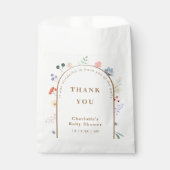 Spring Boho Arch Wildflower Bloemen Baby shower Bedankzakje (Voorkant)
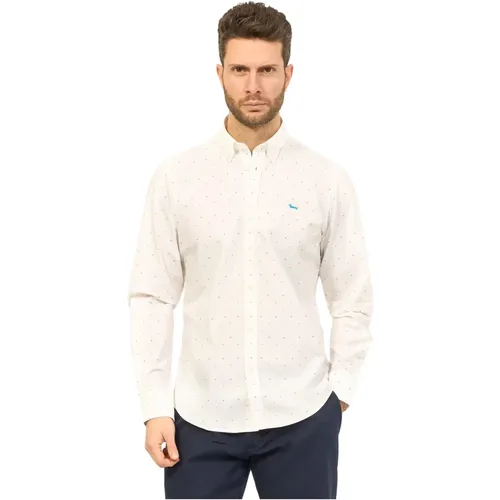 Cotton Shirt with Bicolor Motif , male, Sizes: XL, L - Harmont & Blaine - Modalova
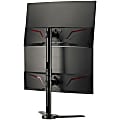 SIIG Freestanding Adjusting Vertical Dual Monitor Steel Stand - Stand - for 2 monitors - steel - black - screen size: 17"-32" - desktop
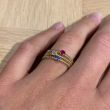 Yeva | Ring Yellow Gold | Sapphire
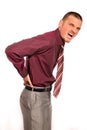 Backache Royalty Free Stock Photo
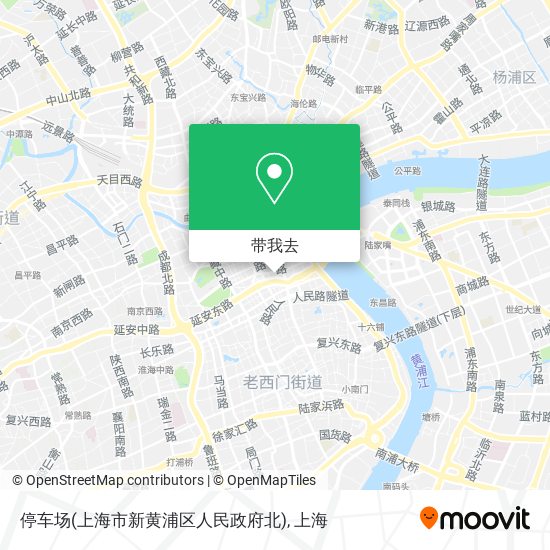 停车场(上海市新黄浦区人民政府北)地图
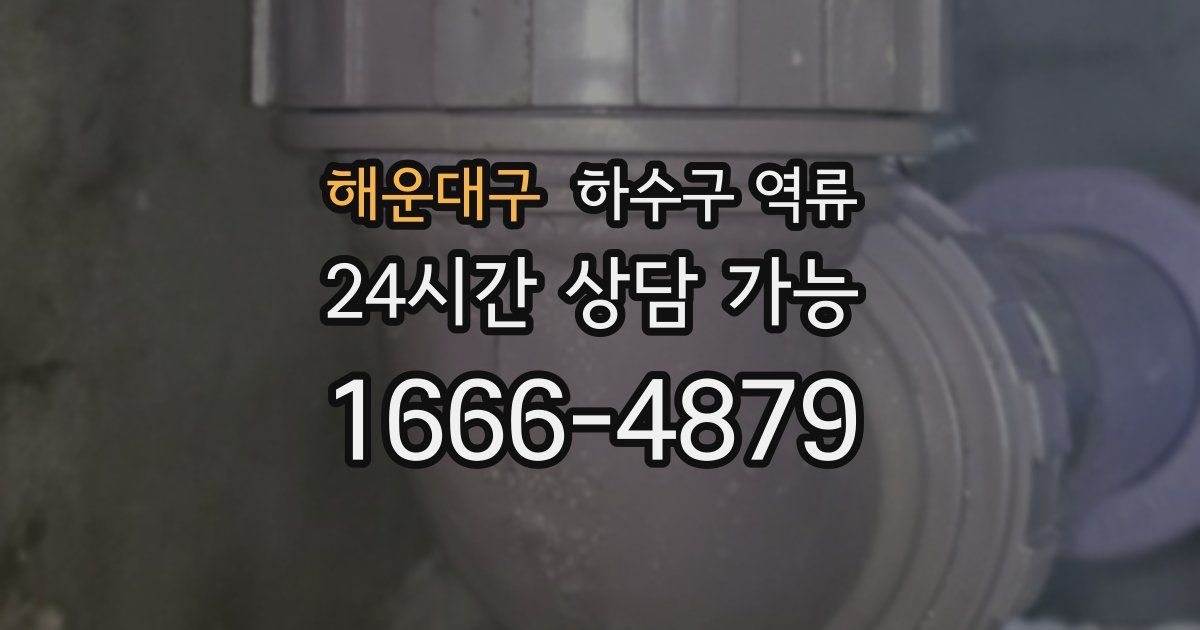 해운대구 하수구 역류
--
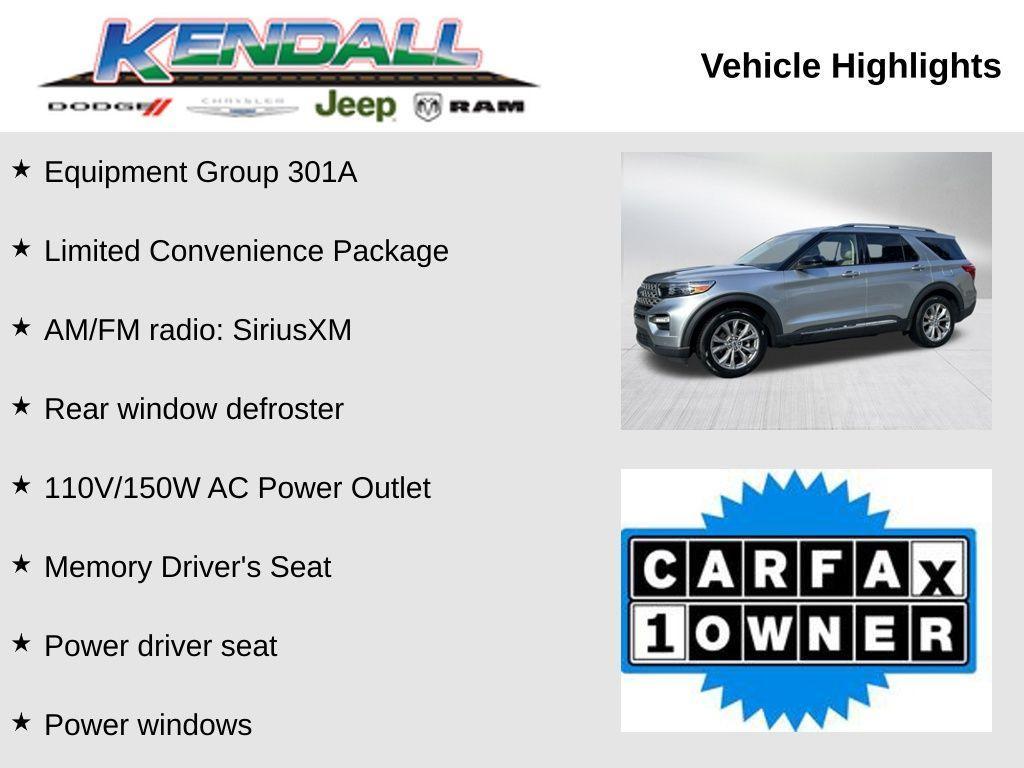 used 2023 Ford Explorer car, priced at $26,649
* * *
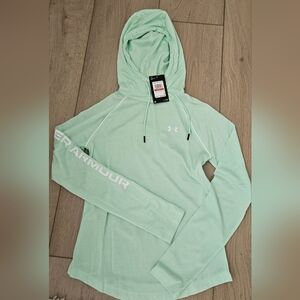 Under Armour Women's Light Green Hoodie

- _PROBLEM DESCRIPTION_
In the material above, the stretch from the line with "Cotton Shirt with" through the line with "해운대구 하수구 역류" is to be given again exactly, minus the pictures.

- _RESPONSE AREA_
 Cotton Shirt with Bicolor Motif , male, Sizes: XL, L - Harmont & Blaine - Modalova
 SIIG Freestanding Adjusting Vertical Dual Monitor Steel Stand - Stand - for 2 monitors - steel - black - screen size: 17"-32" - desktop
 Yeva | Ring Yellow Gold | Sapphire
 Backache Royalty Free Stock Photo
 停车场(上海市新黄浦区人民政府北)地图
 해운대구 하수구 역류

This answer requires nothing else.